Aug. 17, 2007 — -- Movie buffs might assume that '90s action star Steven Seagal's career took a nosedive due to changing audience tastes, the emergence of younger muscle-bound actors or that his acting was less than Oscar-worthy.
Well, you could be mistaken.
According to Seagal, it's the FBI's fault that he now stars in low-budget movies that go straight to video. And he wants an apology from the bureau.
The 56-year-old pony-tailed martial-arts expert broke a long silence today to complain that his career was devastated by an FBI affidavit in 2002 that described allegations that he was involved in a plot to intimidate two journalists out of writing stories about him.
"False FBI accusations fueled thousands of articles saying that I terrorize journalists and associate with the mafia," Seagal told the Los Angeles Times. "These kinds of inflammatory allegations scare studio heads and independent producers -– and kill careers."
According to allegations detailed in the affidavit and a subsequent affidavit, Seagal hired infamous private eye Anthony Pellicano to frighten Times reporter Anita Busch and Vanity Fair writer Ned Zeman. In 2002, someone shot a bullet through the windshield of Busch's car and left a dead fish with a rose in its mouth and a sign reading "Stop" on top of the vehicle.
Zeman said an unidentified man pointed a semiautomatic pistol at his head and said, "Stop!" before pulling the trigger. Luckily for him, there was no bullet in the chamber.
Seagal was never charged in the case and the investigation quickly changed course, focusing on Pellicano, who now sits in federal jail awaiting trial on wiretapping and other charges. But the actor has still not been publicly cleared by the FBI.

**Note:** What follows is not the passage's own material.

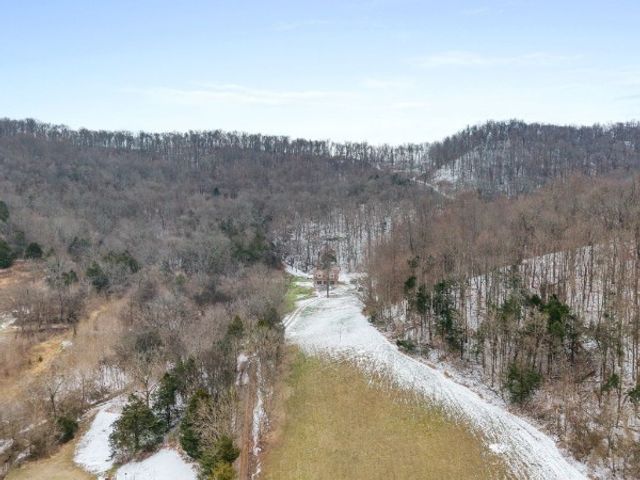 7401 Burks Hollow Rd, Christiana, TN 37037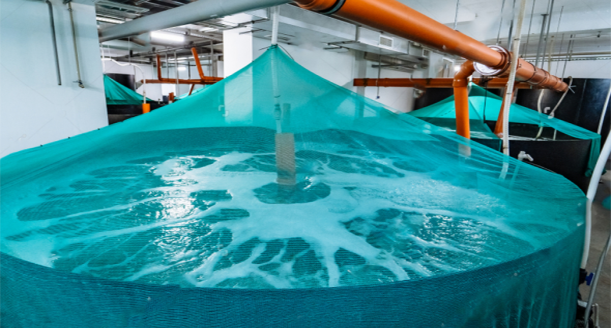 Aquaculture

"We have received no apology from the FBI or Department of Justice," Seagal lawyer Jan L. Handzlik tells ABCNEWS.com. "In fact, Steven was left hanging for several years while story was reprinted over and over again. And the damage to Steven's career was substantial even though these allegations are not true."

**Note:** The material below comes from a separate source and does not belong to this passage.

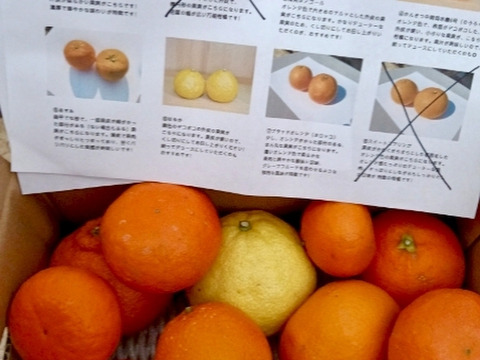 ［2kg］今が旬！春柑橘の詰め合わせ（4〜6種類・大小混合）【柑橘食べ比べ】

Seagal's action movies peaked at the box office in the mid-1990s and his last hit was "Exit Wounds" in 2001. More recently, he was cast as "Cock Puncher" in the "Untitled Onion Movie," the much-delayed film from the creators of the satirical newspaper.
Handzlik also claimed that Assistant U.S. Attorney Daniel A. Saunders, a lead prosecutor in the case, turned down several offers Handzlik made in late 2002 and early 2003 to have Seagal come in for questioning.
Seagal claims that prosecutors and the FBI didn't accept the offer because they knew the allegations were false.
"The FBI didn't want to know," he told the Times. "It would've been very easy to prove if Pellicano was calling me or if I was calling him. The FBI subpoenas phone records every day. Why not mine?"
Handzlik claims that Seagal hasn't talked to Pellicano in over 14 years since the actor hired the private eye for a "routine job." Seagal reportedly wasn't happy with the detective's work on the job or his fee.
And another of Seagal's lawyers, Carmen A. Trutanich, claims he arranged for the actor to take a polygraph on Sept. 27, 2004, to prove he was telling the truth. "According to the polygraph, there was no deception involved," said Trutanich.
A spokesperson for the FBI didn't return calls seeking comment.